Response to DTI consultation:

Introduction
Public Concern at Work welcomes this consultation paper which looks at the role and effect of disputes in the context of the wider employment relationship. We are particularly pleased that it takes a circumspect view of such disputes, considering how they impact on employees, employers and the wider public.

Relationships in the workplace - both between colleagues and between staff and managers - often become close, both through proximity and time. Close relationships (as people widely accept in the context of their personal lives) can and do give rise to tension and disagreement from time to time. As such human relationships are hardly ever capable of surviving actual or threatened recourse to litigation, the way people at work approach and handle potential disagreements will have consequences on them as individuals, on their colleagues and on the organisations involved.

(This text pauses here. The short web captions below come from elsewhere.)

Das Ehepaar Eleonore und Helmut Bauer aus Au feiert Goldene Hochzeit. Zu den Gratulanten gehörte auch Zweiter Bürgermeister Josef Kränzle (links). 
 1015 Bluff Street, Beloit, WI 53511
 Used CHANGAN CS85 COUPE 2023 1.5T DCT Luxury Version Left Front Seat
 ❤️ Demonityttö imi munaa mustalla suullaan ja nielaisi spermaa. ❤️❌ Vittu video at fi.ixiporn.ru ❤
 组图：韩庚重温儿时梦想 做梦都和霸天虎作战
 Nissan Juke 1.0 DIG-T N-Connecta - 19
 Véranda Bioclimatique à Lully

In our view it is best that such disputes are, if possible, avoided. If they cannot be avoided they should be defused. If they cannot be defused, attempts at conciliation should be made. If conciliation does not work, and the dispute if formalised then people should have recourse to independent resolution. As the consultation paper makes clear, even a successful tribunal claim can prove something of a pyrrhic victory.

The best way workplace disputes can be avoided and defused is when employers, employees and their representatives conduct an open relationship in which the parties recognise and heed their mutual rights and responsibilities. The swift progress to formalising a dispute can jeopardise the future of the working relationship.

Our approach
In promoting legitimate whistleblowing, Public Concern at Work has developed a practical expertise in the way organisations depend on and influence the conduct of the individuals who work there. Our confidential helpline has handled over 2500 actual or prospective whistleblowing concerns and many employers (including government departments, public bodies and leading companies) now promote this practical and constructive advice service to their staff. The approach we take on the helpline is dispute avoidance wherever possible.

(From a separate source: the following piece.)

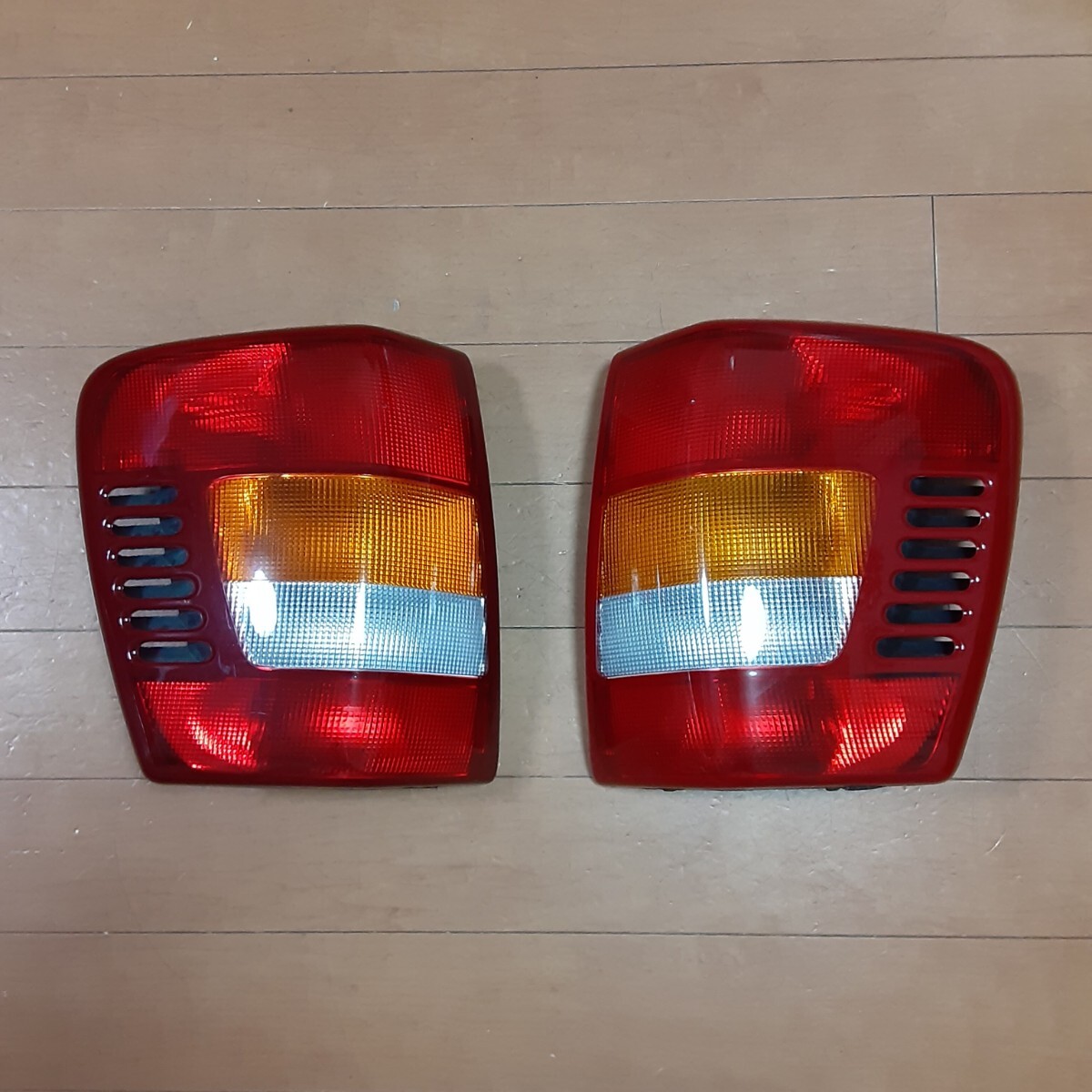 クライスラー 純正 JEEP ジープ グランドチェロキー WJ40 テール テールランプ テールライト 左右拍卖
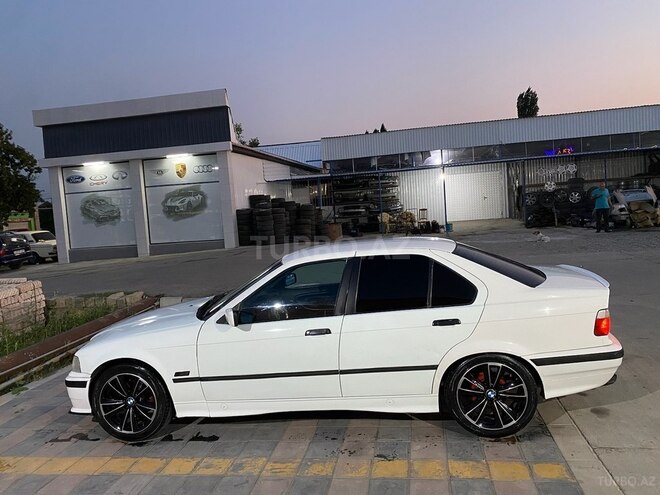 BMW 318 1996, 221,000 km - 1.8 l - Xaçmaz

Secondly, as the Consultation Paper looks particularly at the position of SMEs, it should be noted that two thirds of the public concerns we handle come from organisations with less than 100 employees and that we are ourselves are a small business.

Below we give our comments on the specific questions the DTI is seeking views on.

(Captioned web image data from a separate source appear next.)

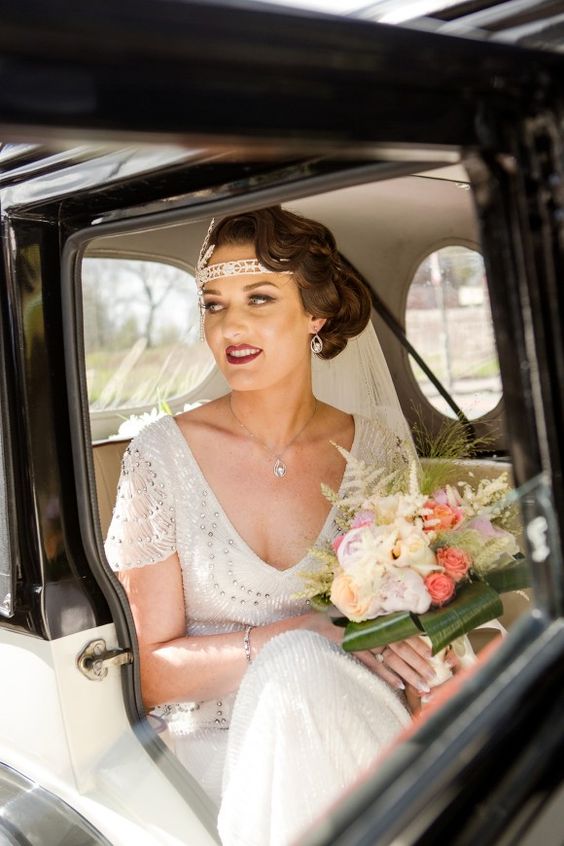 eine Tiefe V-Hals-Hochzeit Kleid mit schweren Perlen, cap-ärmel, passendes Zubehör und Haare
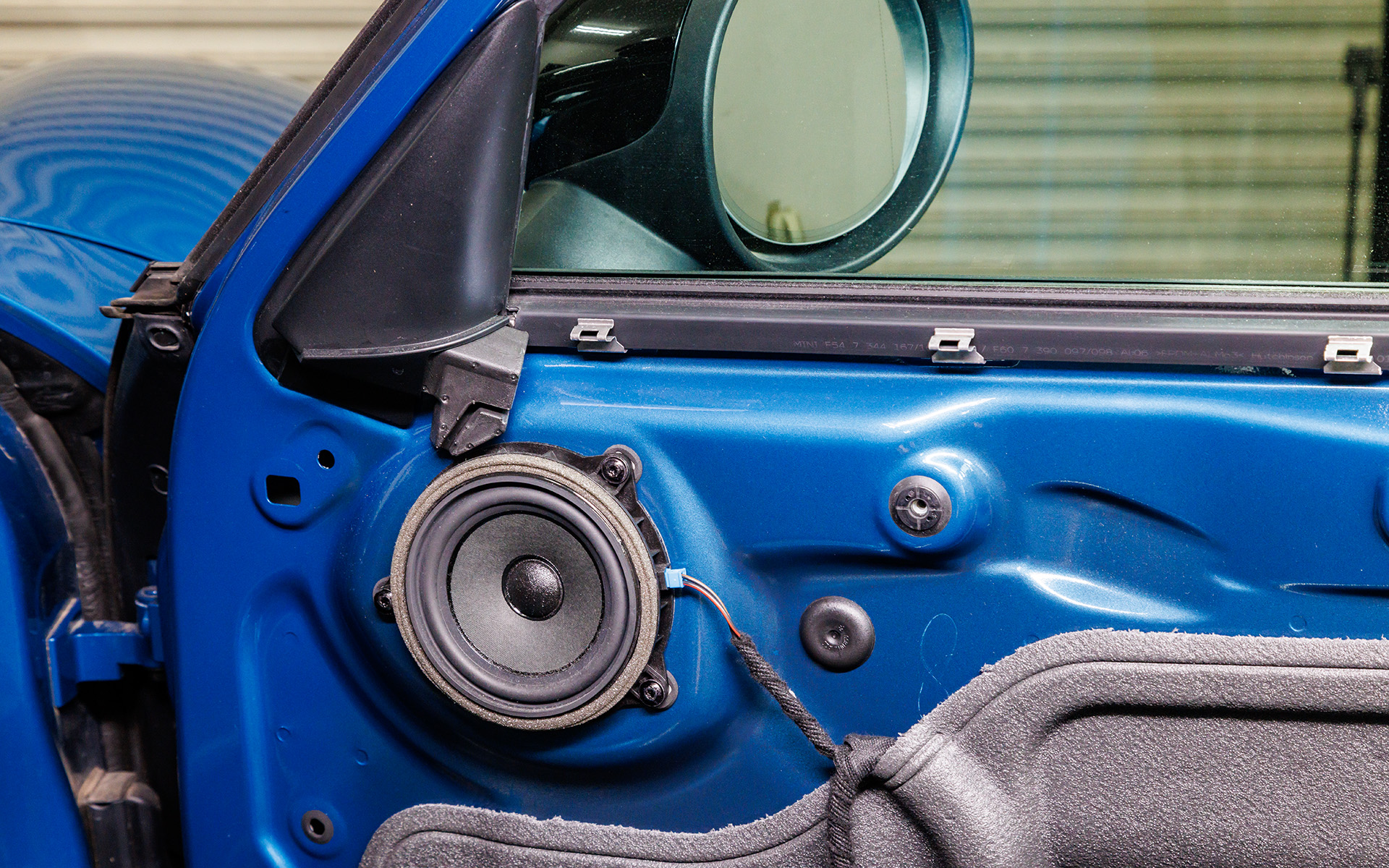 純正スピーカー（左）からBEWITH Platinum Voiceのスピーカー＆トゥイーター（右）に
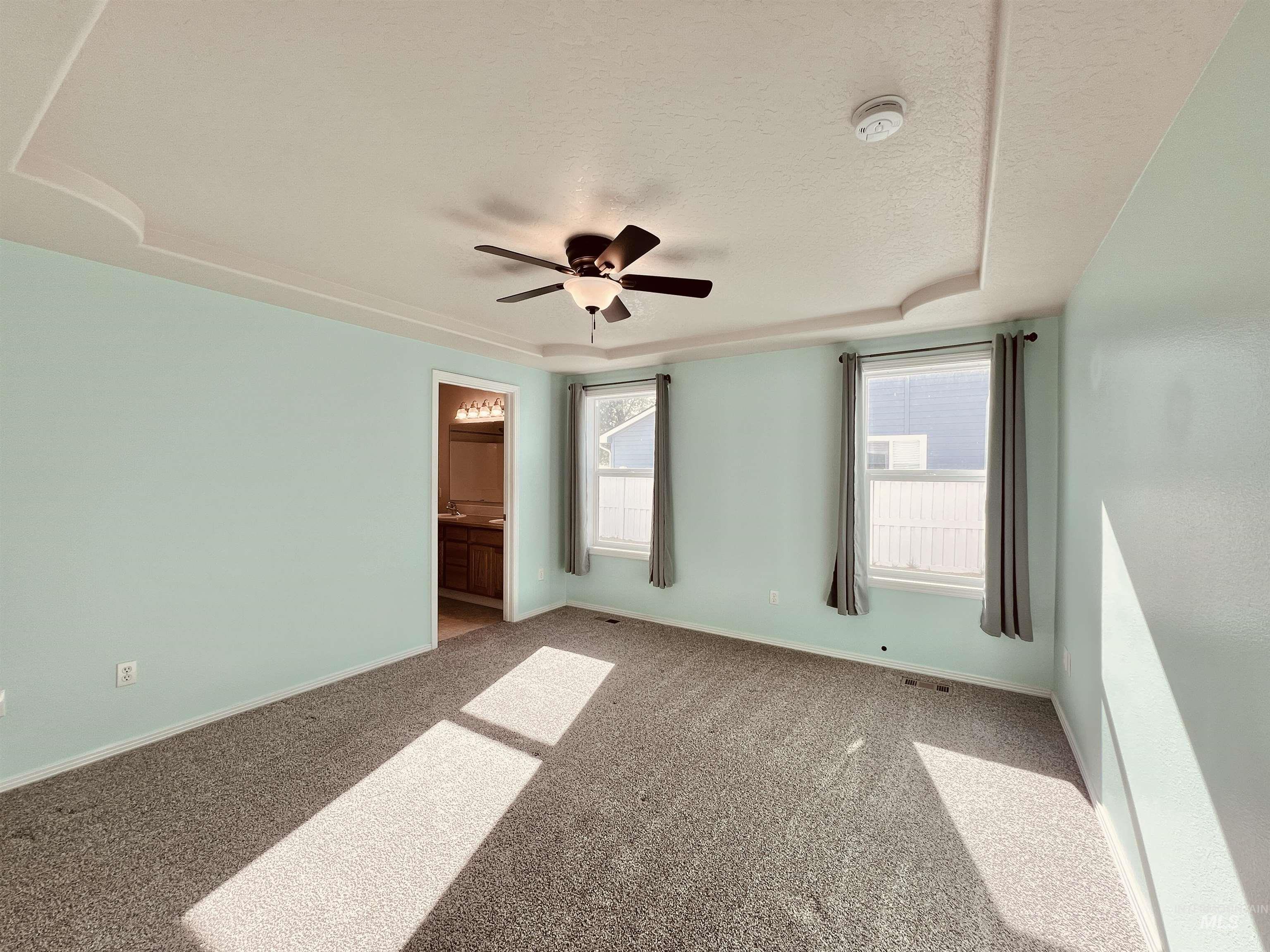 Fruitland, Idaho 83619, United States, 3 Bedrooms Bedrooms, ,2 BathroomsBathrooms,Residential,Pending,109360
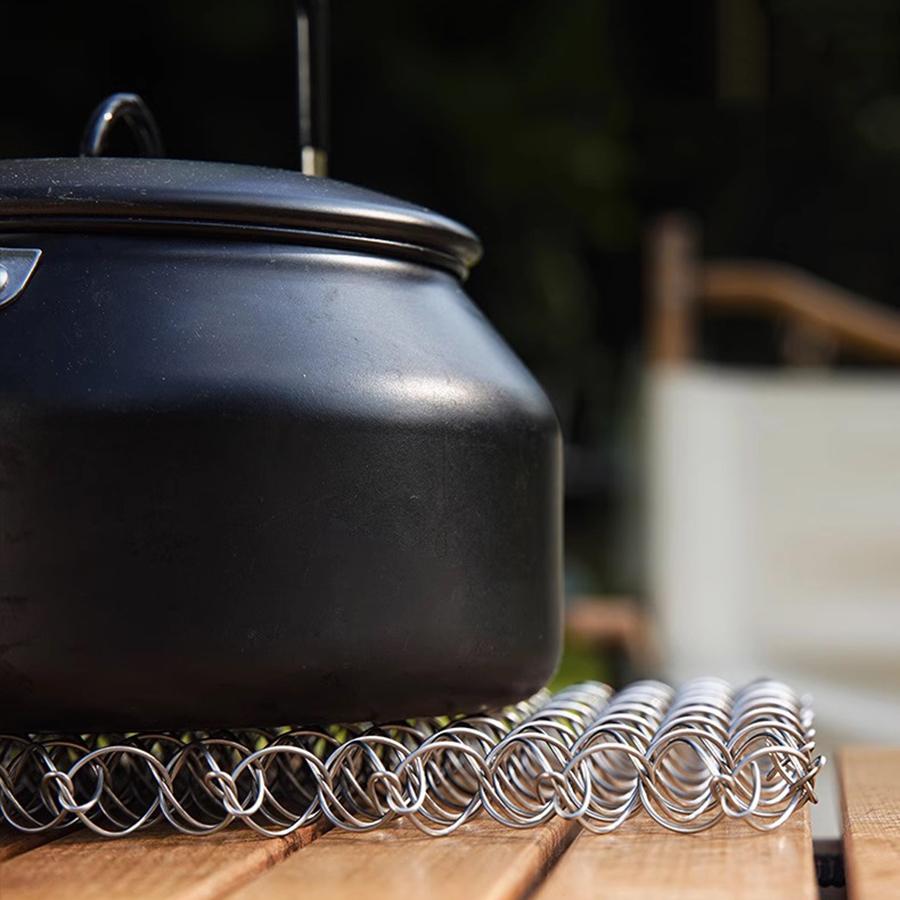 Outdoor Spring Insulated Mat 304 Stainless Steel Heat Insulation Pad Trivet Mat  Pad for  Dishes Pots and Pans for Camping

1 Only allowing applications to tribunals once workplace disciplinary or grievance procedures have been completed.
It is clearly desirable that internal grievance and disciplinary procedures should be used. However we consider that the Government’s second proposal - to increase or decrease awards where either party has unreasonably failed to follow minimum procedural steps in disciplinary or grievance issues - is the preferred way to achieve this objective. Therefore while we agree with the aim, we do not consider this specific proposal is the most sensible way to achieve it.

Additionally we see practical difficulties with this proposal. First, a requirement that grievance and disciplinary procedures be completed before a claim can be made to an employment tribunal does not sit easily with the right to claim interim relief within seven days of a dismissal. This right exists in the Public Interest Disclosure Act 1998 and certain other employment laws.

Furthermore unless there were some separate statutory control or oversight over the detail of all grievance and disciplinary procedures (which we do not think would be desirable), a general requirement to complete the procedure would also apply where the procedure itself was clearly unreasonable.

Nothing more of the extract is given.